La vingtaine de photos présentées est proche de la veine journalistique. Les formats sont carrés et les dimensions réduites, seule entorse aux codes du reportage (qui datent un peu), l’emploi de la couleur. Toutes ces photos posées dans des cadres en bois, sont autant de fenêtres ouvertes sur des paysages de l’intimité, des grands espaces naturels allemands. Les scènes sont banales, quotidiennes, populaires, frôlant le kitsch parfois, comme avec ces pots de cactus aux fenêtres, agrémentés de nains de jardin.
Mais l’ensemble ne tombe pas dans l’anecdote et parvient souvent à transcender son sujet. Les enfants peuvent être transformés en saint Jean-Baptiste, et les mères de famille en Pietá. Bizarre cette référence à la peinture catholique pour ce pays de la Réforme ? Toutefois on retrouve souvent la terre des Romantiques. Plusieurs cadrages font directement penser à Friedrich, intentionnel ou non, on peut admirer La mer de glace ou les Falaises de Rüngen.

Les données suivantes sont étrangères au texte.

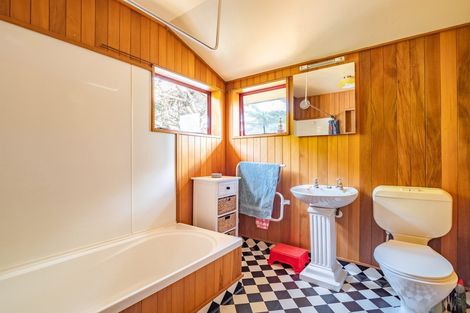 Photo of property in 17 Mopanui Street, Purakaunui, Port Chalmers, 9081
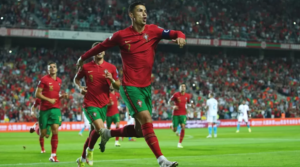 CR-7 faz três em seleção que mais tomou gol de Portugal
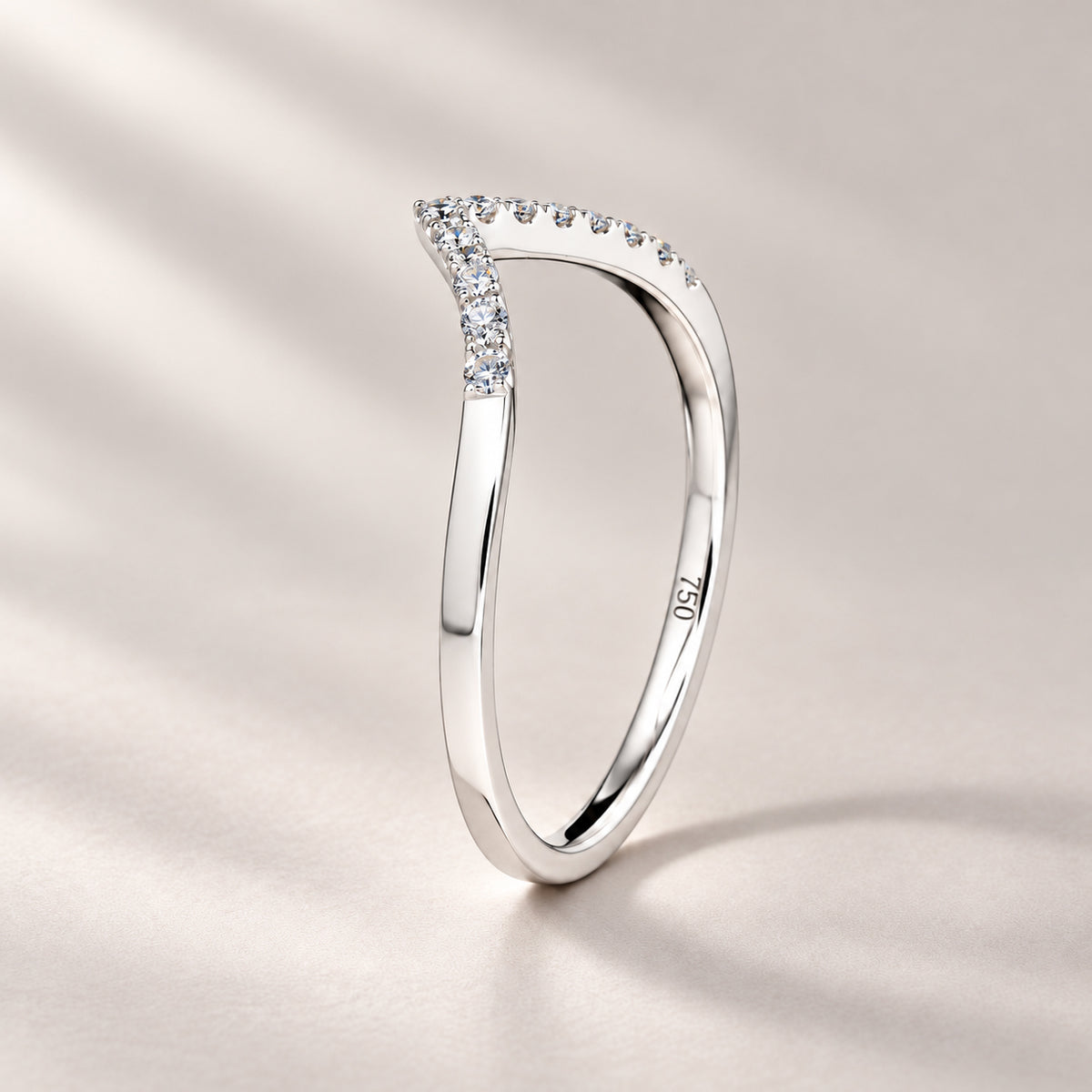 Diamond Chevron Band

À la place d’un bateau pris entre les glaces il y a, comme par ironie ou anachronisme, le manche d’un parapluie planté par un passant, écœuré d’avoir cassé les baleines de son pépin. Il faut aussi de l’imagination pour transposer les falaises de Rüngen dans des alpages. Il faut tout autant d’abnégation et de goût du rapprochement lointain pour faire passer des touristes en short et pataugas en modèle du maître de Dresde.
Brigitte Bauer glisse de la petite histoire à la peinture historique, encore faut-il avoir l’esprit analytique pour faire passer une ressemblance lointaine en une conviction consciente et revendiquée. Elle passe de la sphère privée à la scène publique, elle égrenne les saisons et les compositions, elle multiplie les climats, passe d’une forêt à un pavillon des plus ordinaires pour finalement nous offrir une carte postale en forme d’éphéméride.
L’ensemble forme un tout et se feuillette dans un livre qui a été publié pour l’occasion. La qualité du résultat vaut autant pour son exhausitivité que pour le regard personnel d’une habitante déracinée qui retrouve son pays natal. Les pages se conjuguent et se déclinent à la hauteur d’une expérience personnelle.
Brigitte Bauer :
— D’Allemagne, 2003. 20 photos. C-Print. 40 x 40 cm.